#### Problem to work on
In duplicating the lines below, keep every word unchanged and drop the pictures.

#### Provided data
>>>

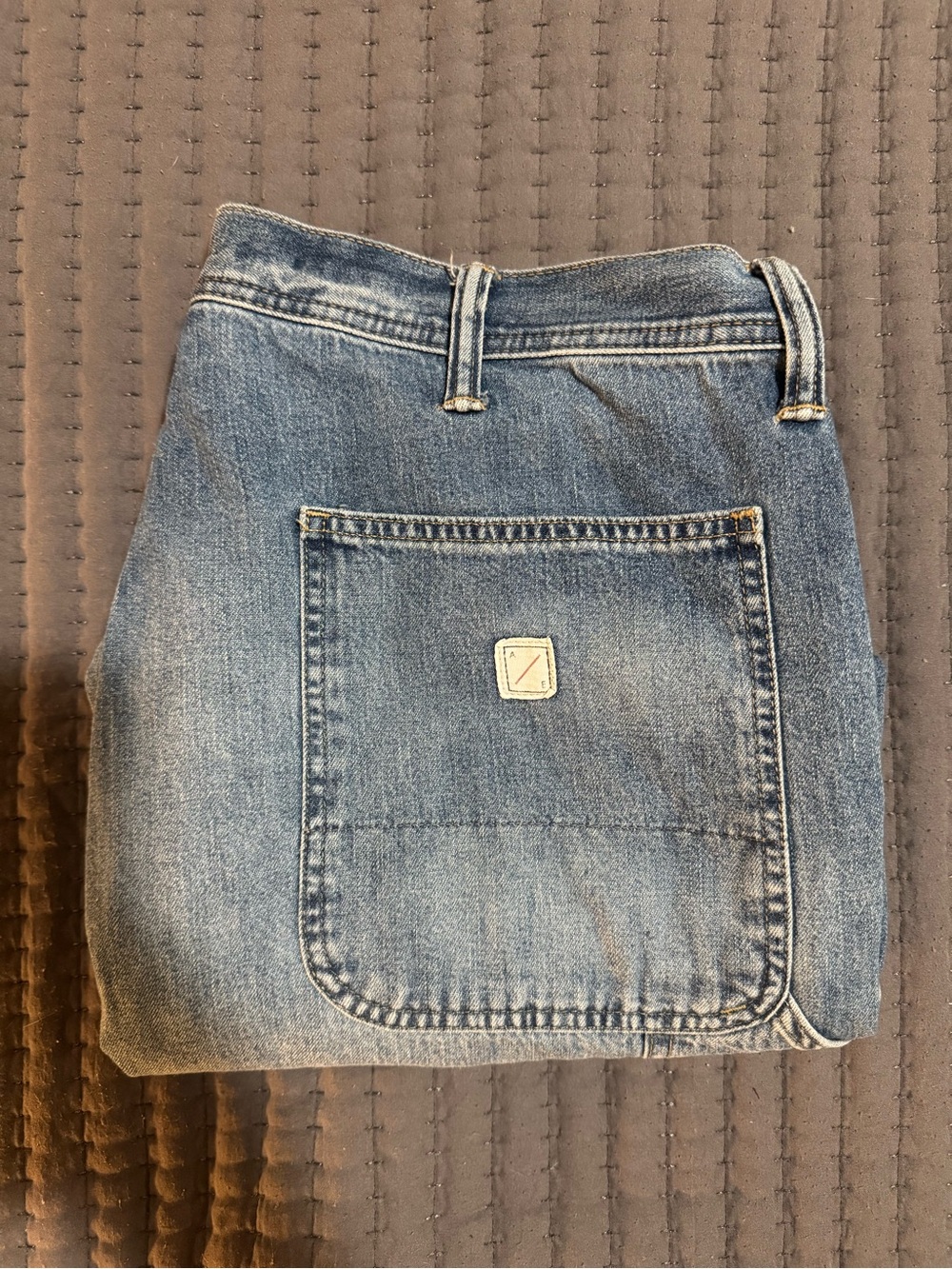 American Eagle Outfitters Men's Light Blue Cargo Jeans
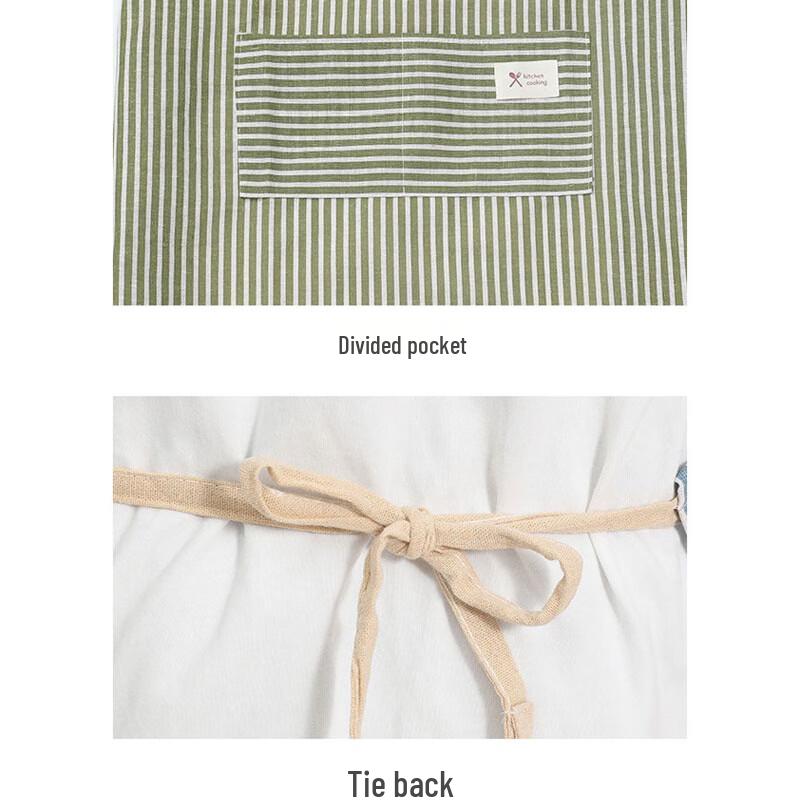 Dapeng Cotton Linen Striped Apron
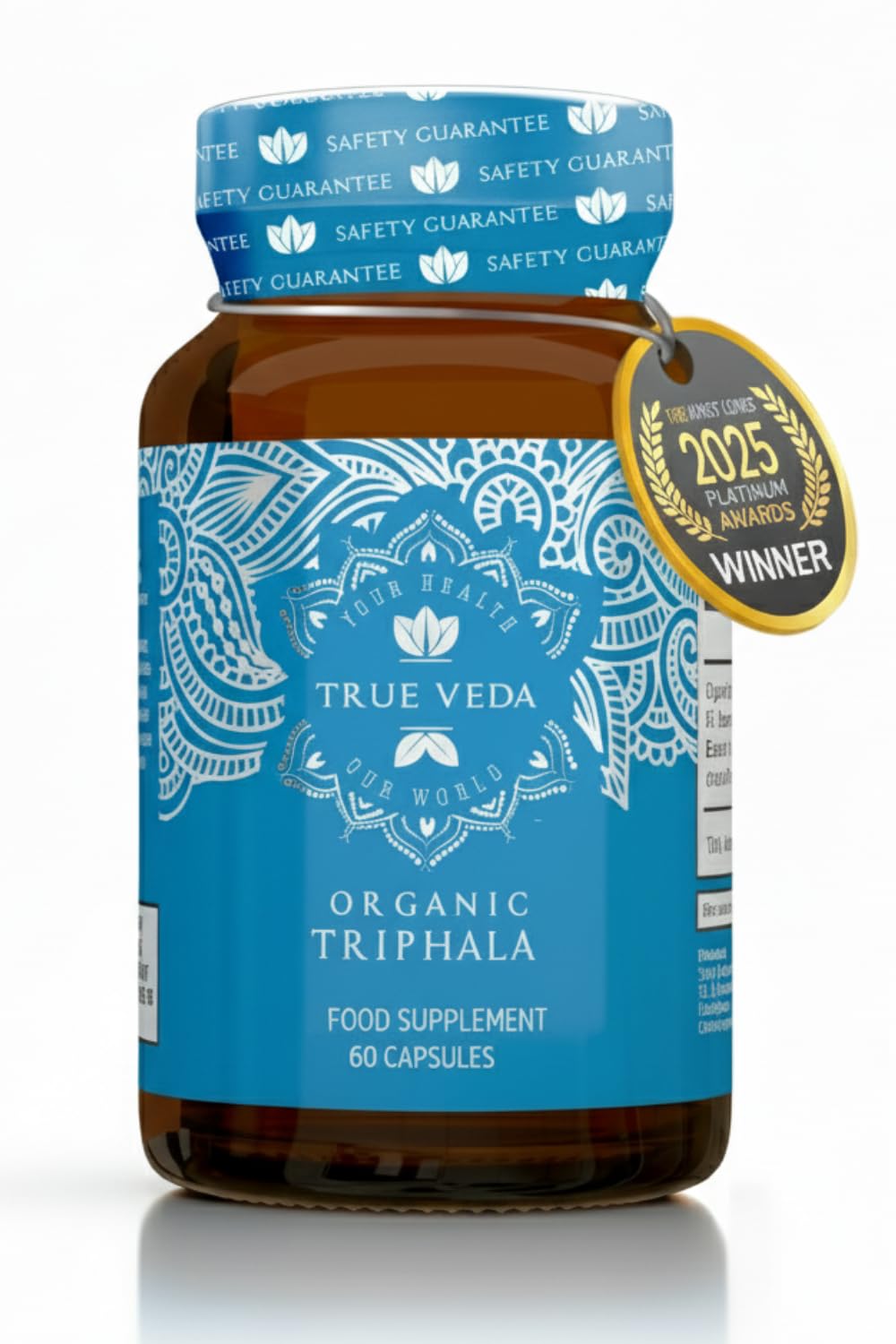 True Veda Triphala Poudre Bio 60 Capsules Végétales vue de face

<<<

#### Answer area
 American Eagle Outfitters Men's Light Blue Cargo Jeans
 Dapeng Cotton Linen Striped Apron
 True Veda Triphala Poudre Bio 60 Capsules Végétales vue de face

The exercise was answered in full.